Nick Ang profile picture

Nick Ang

Comparing mindfulness and caffeine

pouring coffee in cup

I think of mindfulness as a mana bar. You know, like that blue bar that diminishes when you cast a spell in video games?

When I meditate in the morning for the full 20 minutes I set for myself, I step out of the house with a head of light airiness, because my mana bar would be filled up.

If that day was also one where I was disciplined enough to journal my thoughts in my notebook, my steps would be easy and springy, and I’d really enjoy my ride to work. My mindfulness mana bar on such a day would be close to the brim.

Through the day, though, this clarity of mind gradually fades away. It is a palpable change, and it feels as though my mind is slowly withering compared to its glowing state at the beginning of the day. As the day progresses and things happen, I lose mana at a somewhat linear rate. Some days the gradient is steeper than others.

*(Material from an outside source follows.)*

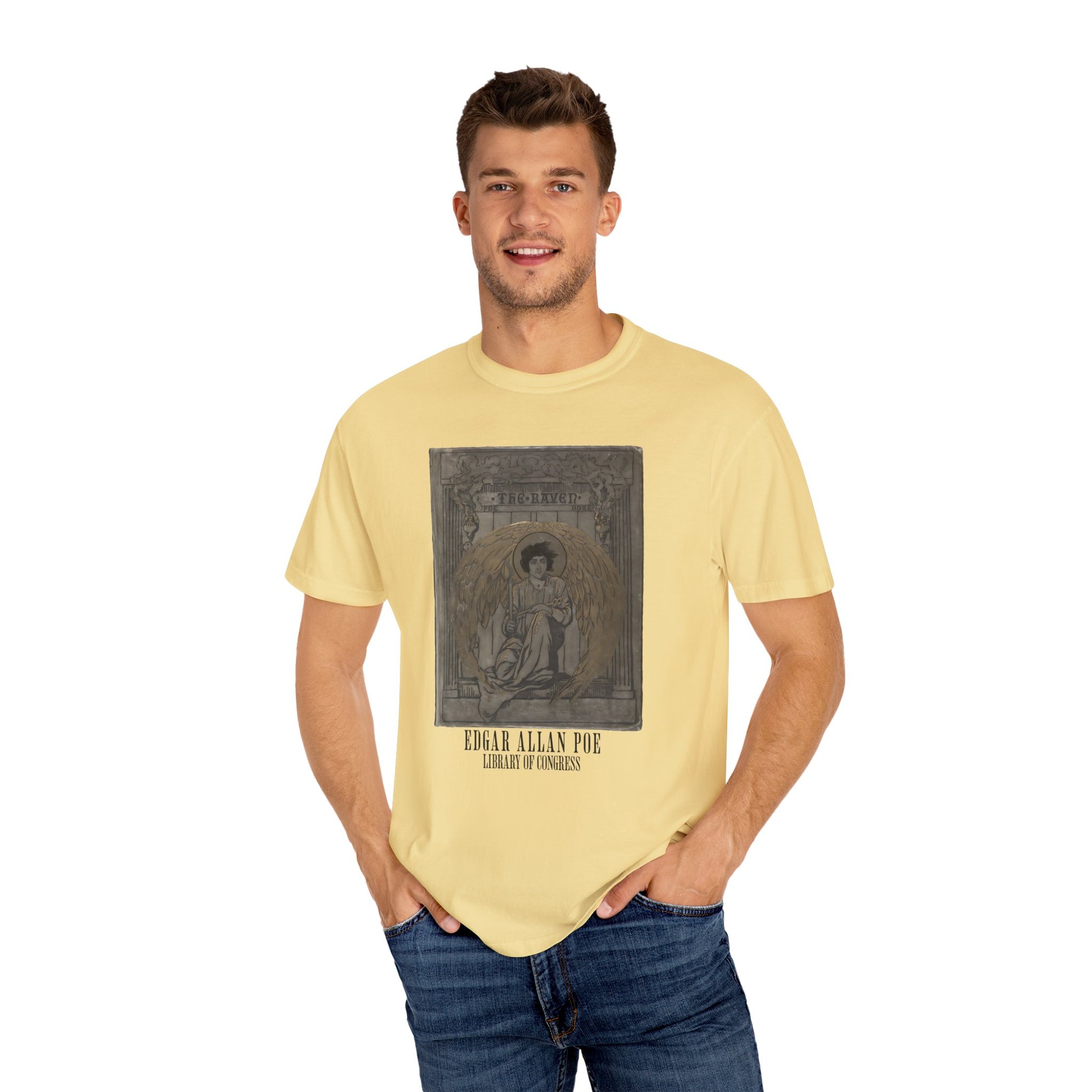 Edgar Allan Poe T-Shirt The Raven First Edition Gift For Poe Lovers Literary Shirt Nevermore Darkness There Gothic Whimsigoth Dark Academia T-Shirt Printify
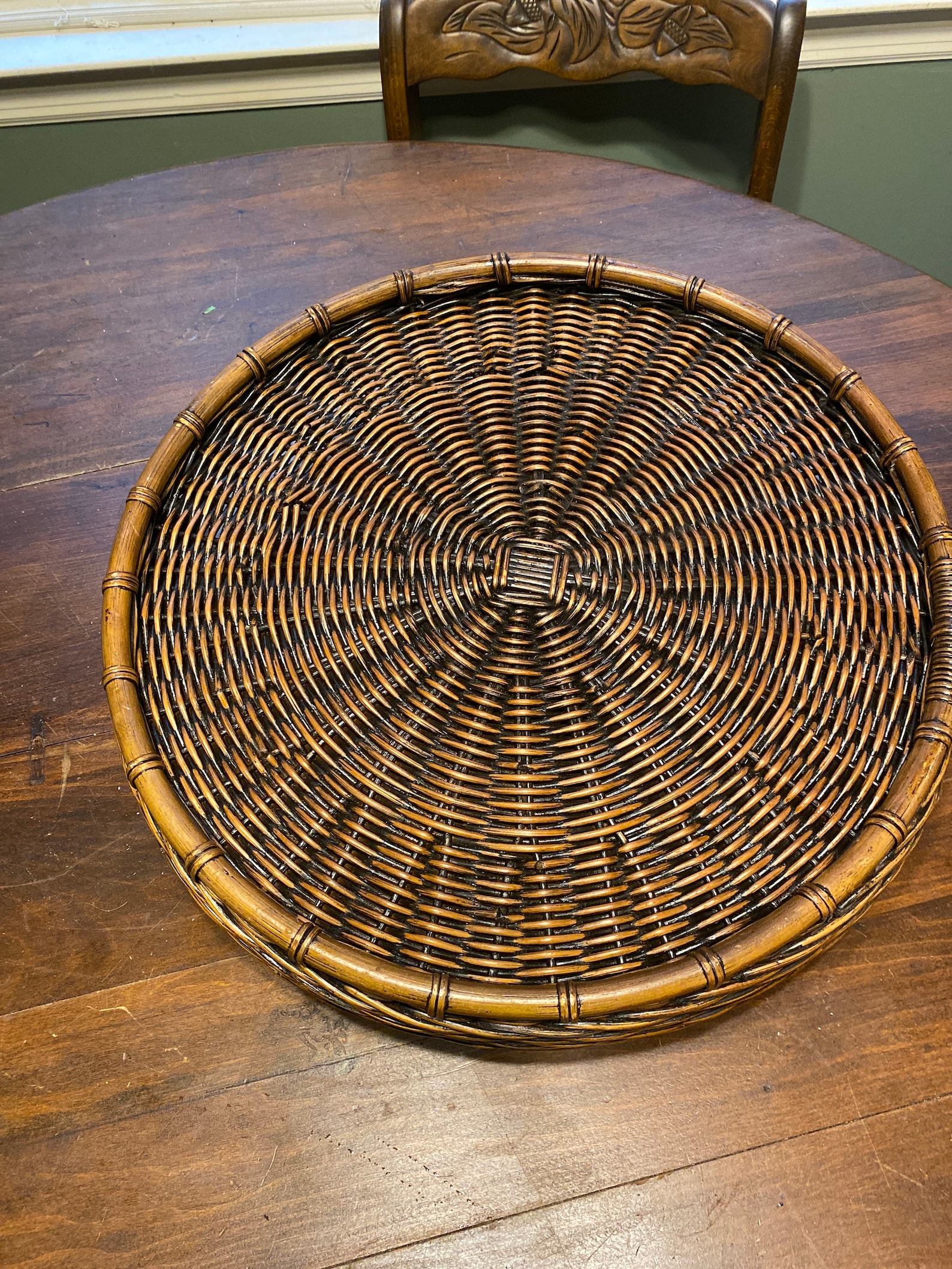 Superior Quality 18 Round Rattan Serving Tray With Handles. Etsy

When I down a cup of coffee, I’d suddenly be in a supercharged state. I think of caffeine as a magic potion (sticking with the gaming reference). Once consumed, a temporary bonus bar appears. This bar is really shiny and fancy.

For as long as this bar has juice in it, my mind processes things faster and my limbs and digits are nimbler. But soon enough (about 45 minutes to an hour for me), the effect fades to nothing and I’m back to normal me. The bar vanishes completely.

Where mindfulness differs from caffeine

While caffeination parallels mindfulness in the way they diminish with time, I find two important differences between them:

  1. Caffeine takes a toll; mindfulness is tax free
  2. Caffeine tolerance contracts with consumption; mindfulness capacity expands with practice

Mindfulness is tax free

Being in a caffeinated state heightens our senses by expending energy. That’s why we feel tired after the high wears off. With caffeine we are essentially summoning more energy out of our body. And let’s be real - caffeine doesn’t help replenish that used energy afterwards, but instead leaves a small gap that we have to repay with sleep.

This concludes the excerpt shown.